= Goal of the exercise =
Omit the images. Restate all of the records word for word.

##############################

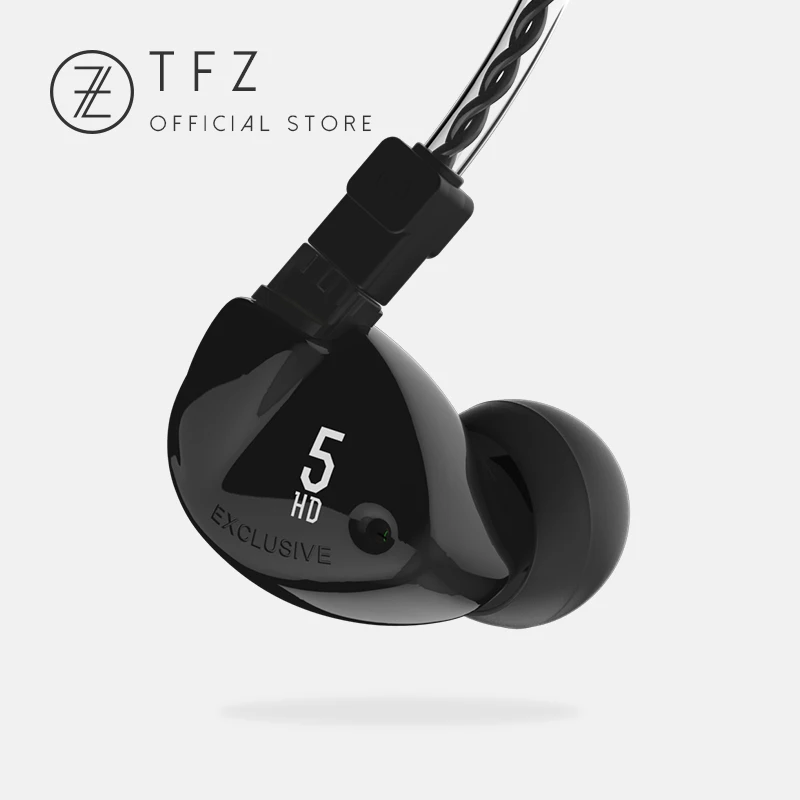 TFZ / EXCLUSIVE 5 monitors Parsing Earphone 3.5MM 2Pin Interface IEM HIFI monitor sports headset Dynamic Dual Driver | Электроника
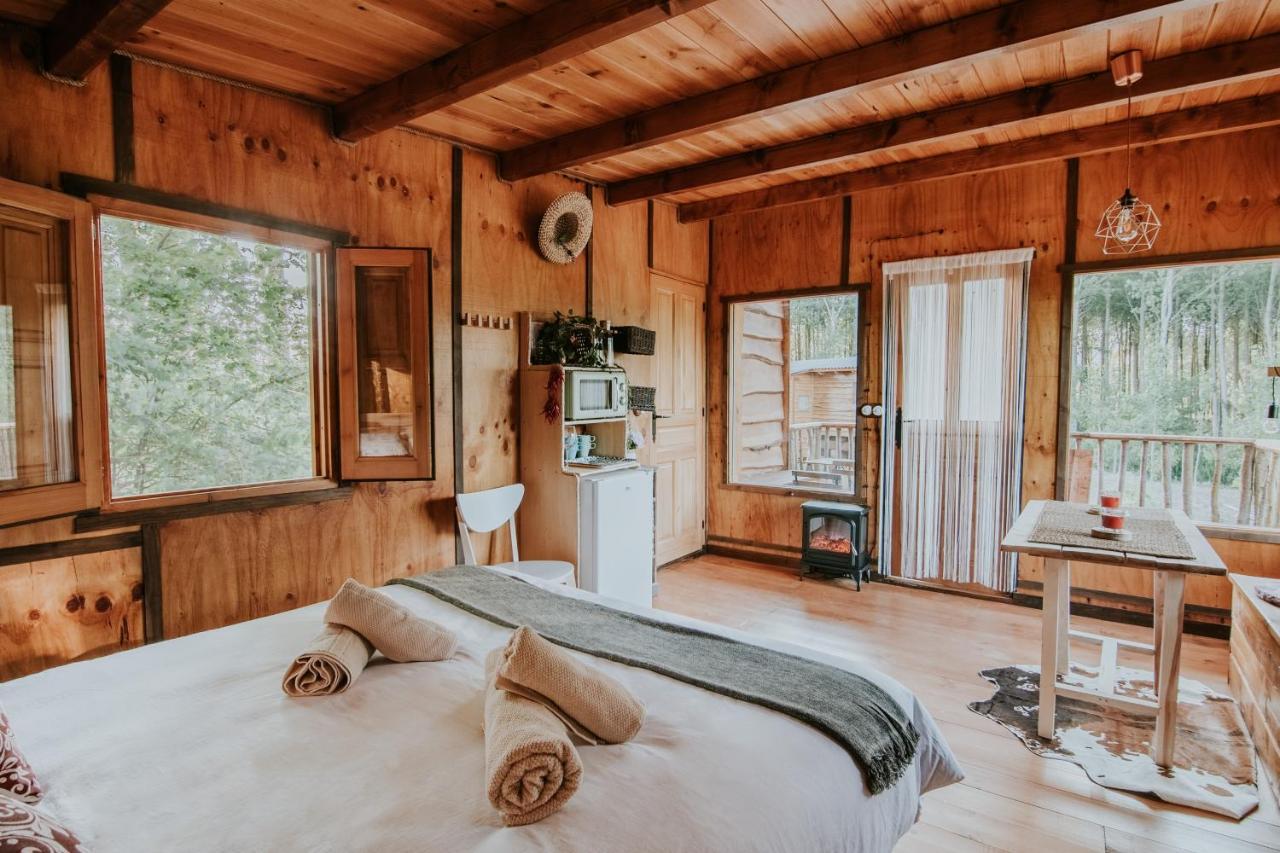 Durmiendo Entre Arboles, Bonita Cabana En La Rioja Anguciana Ngoại thất bức ảnh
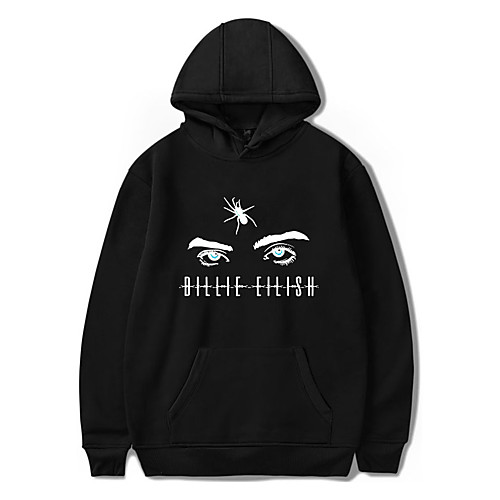 

Inspired by Cosplay Billie Eilish Cosplay Costume Hoodie Pure Cotton Print Hoodie For Men's / Women's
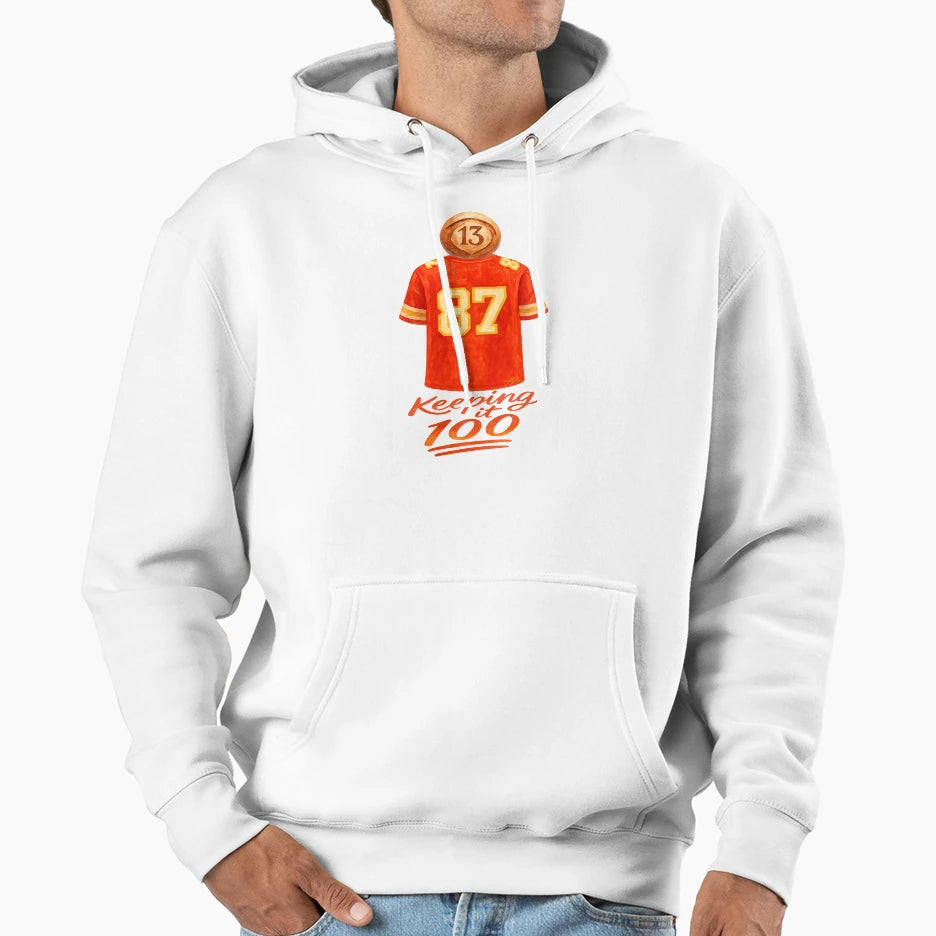 It Adds Up Keeping It 100 Hoodie - Streetwear Style Unisex - T-Shirt, Sweatshirt, Hoodie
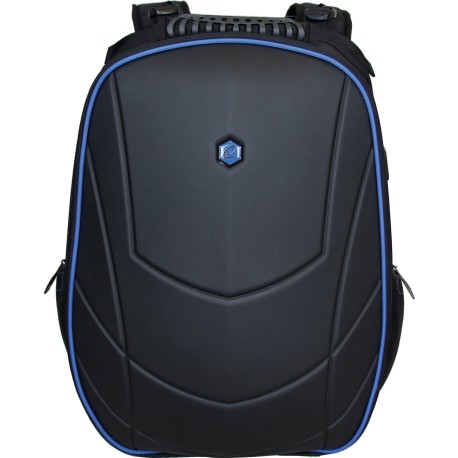 Rucsac BESTLIFE Gaming Assailant - negru/albastru - laptop 17 inch, compartiment anti-vibratie, charge pentru USB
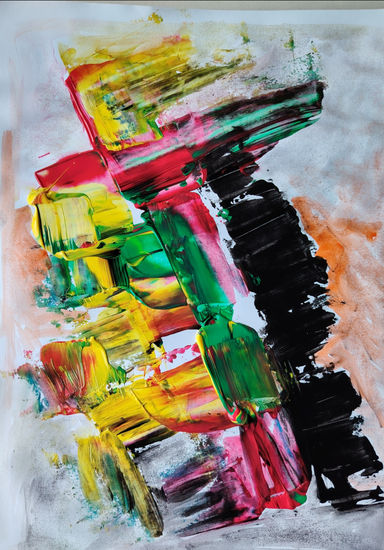 El motor del chevette Acrílico Papel Otros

##############################

= Exercise solution =
 TFZ / EXCLUSIVE 5 monitors Parsing Earphone 3.5MM 2Pin Interface IEM HIFI monitor sports headset Dynamic Dual Driver | Электроника
 Durmiendo Entre Arboles, Bonita Cabana En La Rioja Anguciana Ngoại thất bức ảnh

Inspired by Cosplay Billie Eilish Cosplay Costume Hoodie Pure Cotton Print Hoodie For Men's / Women's
 It Adds Up Keeping It 100 Hoodie - Streetwear Style Unisex - T-Shirt, Sweatshirt, Hoodie
 Rucsac BESTLIFE Gaming Assailant - negru/albastru - laptop 17 inch, compartiment anti-vibratie, charge pentru USB
 El motor del chevette Acrílico Papel Otros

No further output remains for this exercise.